Dopo aver constatato che tutti i diritti sanciti dall’art. 7 della Carta erano in gioco, la Cour ha proseguito il suo esame per determinare se la violazione di tali disposizioni fosse conforme ai principi fondamentali di giustizia. Non esiste alcun elenco esaustivo di tali principi, ma, in primo grado, il giudice aveva menzionato il principio della portata eccessiva e della natura totalmente sproporzionata come elementi venuti meno nella sentenza Rodriguez. La Corte ha ricordato che si può considerare che una legge abbia una portata eccessiva quando nega i diritti in maniera generalmente favorevole alla realizzazione del suo oggetto, ma “va troppo lontano” nel negare i diritti di alcune persone in una maniera che non abbia alcun rapporto con l’obiettivo della legge (par. 85). Dopo avere sottolineato che l’oggetto del divieto era quello di impedire che le persone vulnerabili fossero incitate a suicidarsi in un momento di debolezza (par. 78), ha stabilito che tale divieto aveva una portata eccessiva, in quanto impediva, non solo alle persone vulnerabili di suicidarsi, ma anche a tutte quelle persone che, come la signora Taylor, sono capaci, ben informate e libere da ogni tipo di coercizione o costrizione.

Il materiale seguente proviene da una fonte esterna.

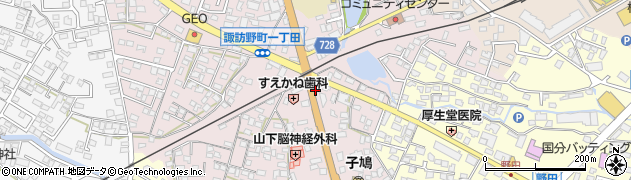 福岡県久留米市諏訪野町1636周辺の地図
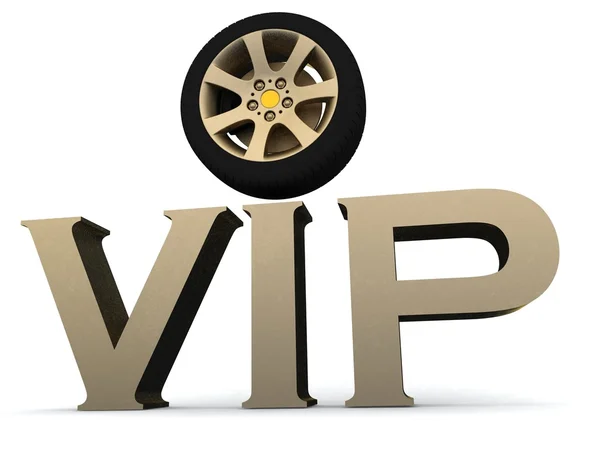 Vip with a wheel — Stock Photo, Image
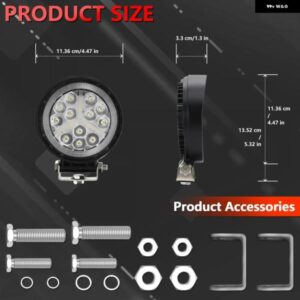 車用デイ運転用 ヘッドライト ビーム ラウンドDRLスポットライト 12V 24V ボート ATV 車 トラック オフロード 4X4 - type　C　white　X
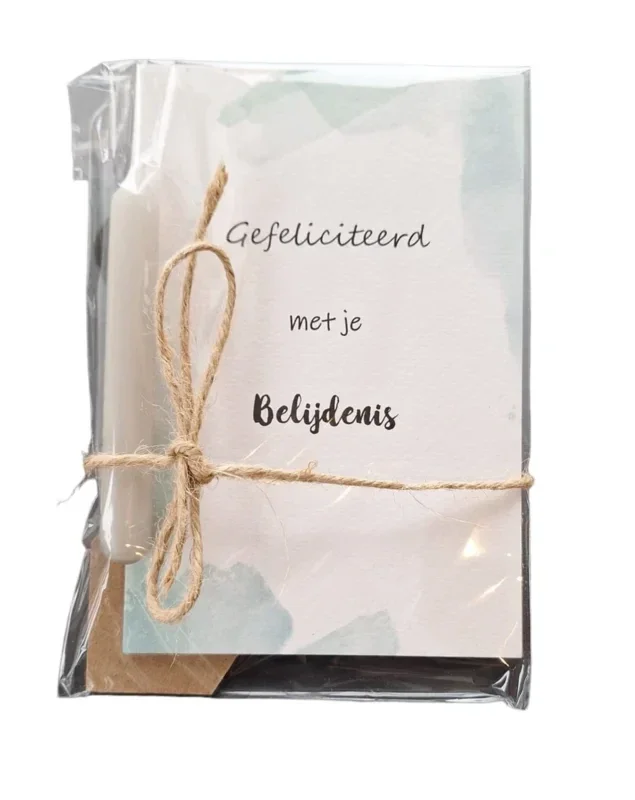 1211600 - Belijdenis - Kaart, standaard, kaarsje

I giudici hanno infine considerato che la violazione dell’art. 7 non costituiva una violazione minima, il che significava che l’obiettivo ricercato dal paragrafo 241b) avrebbe potuto essere raggiunto, in larga misura, senza prevedere un divieto generale, ma consentendo, di fatto, ad alcuni soggetti di ricorrere all’aiuto di un medico per morire. Nello specifico, la Cour ha ricordato che la prova presentata in prima istanza indicava che un regime permissivo che comportasse garanzie adeguatamente concepite ed applicate poteva proteggere le persone vulnerabili contro gli abusi e gli errori (par. 105). Infine, avendo concluso per la violazione

dell’art. 7, i giudici hanno precisato che non vi era bisogno di esaminare se sussistesse una violazione dell’art. 15.

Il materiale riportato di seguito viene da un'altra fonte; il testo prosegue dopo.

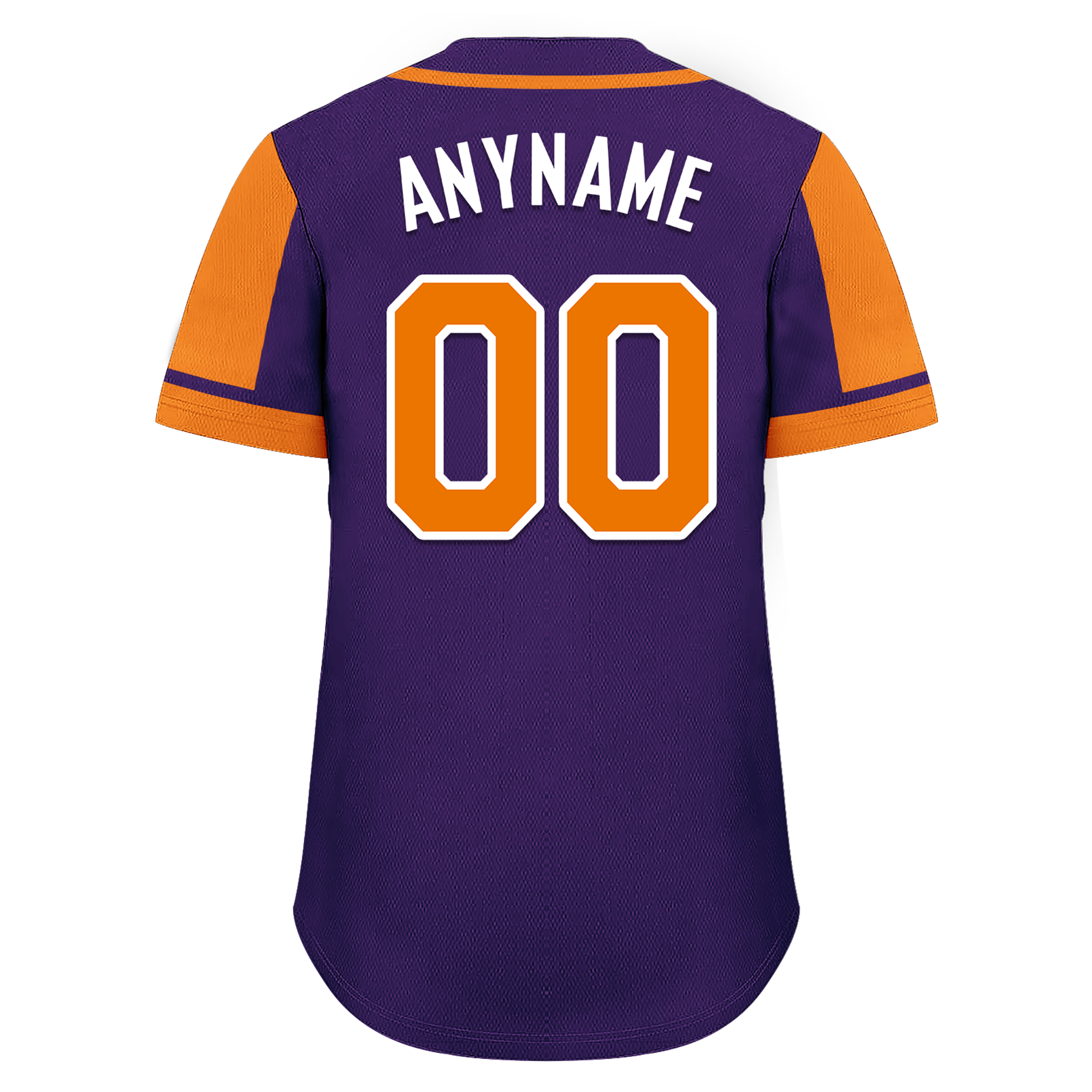 Custom Purple Orange Raglan Sleeves Personalized Authentic Baseball Jersey BSBJ01-D017184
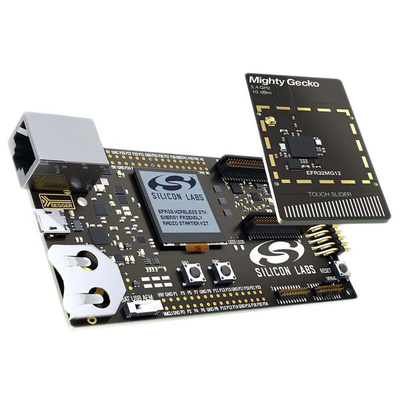 Silicon Labs Mighty Gecko RF Transceiver Starter Kit for EFR Mighty Geocko 2.4GHz SLWSTK6000B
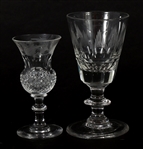 ETCHED GLASS & CRYSTAL DECANTER AND DRINKWARE
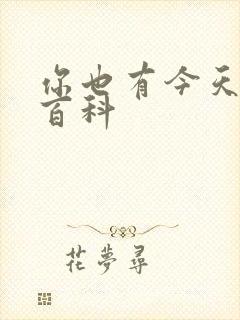 你也有今天百度百科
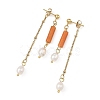 304 Stainless Steel Stud Earrings EJEW-JE07386-02-4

La Corte ha, quindi, dichiarato che il paragrafo 241b) e l’art. 14 del c.c. nulli, nella parte in cui vietavano l’aiuto del medico per morire alle persone adulte, capaci, che intendevano chiaramente mettere fine ai propri giorni e che erano affette da problemi di salute gravi e incurabili (…) che causassero loro sofferenze persistenti e insopportabili” (par. 127).

Di fronte alle preoccupazioni espresse da alcune parti intervenute nel giudizio, in merito alla possibile violazione della libertà di coscienza e di religione dei medici, protetto dal paragrafo 2a) della Carta, nel caso in cui dovessero essere forzati ad aiutare qualcuno a morire, la Cour ha precisato che nulla, nella dichiarazione di incostituzionalità, costringeva i medici ad aiutare un paziente a morire, sottolineando, altresì, la necessità di conciliare i diritti garantiti dalla

Charte ai pazienti e ai medici. Infine, ha sospeso per dodici mesi (quindi, fino al 6

febbraio 2016) gli effetti della declaratoria di incostituzionalità, al fine di dare ai governi federale e provinciali il tempo di adottare le misure legislative necessarie.

In data 15 gennaio 2016, la medesima Corte ha accettato la richiesta di proroga della sospensione per altri quattro mesi: entro il 6 giugno 2016, i governi dovevano adottare le misure necessarie per attuare la decisione della Cour.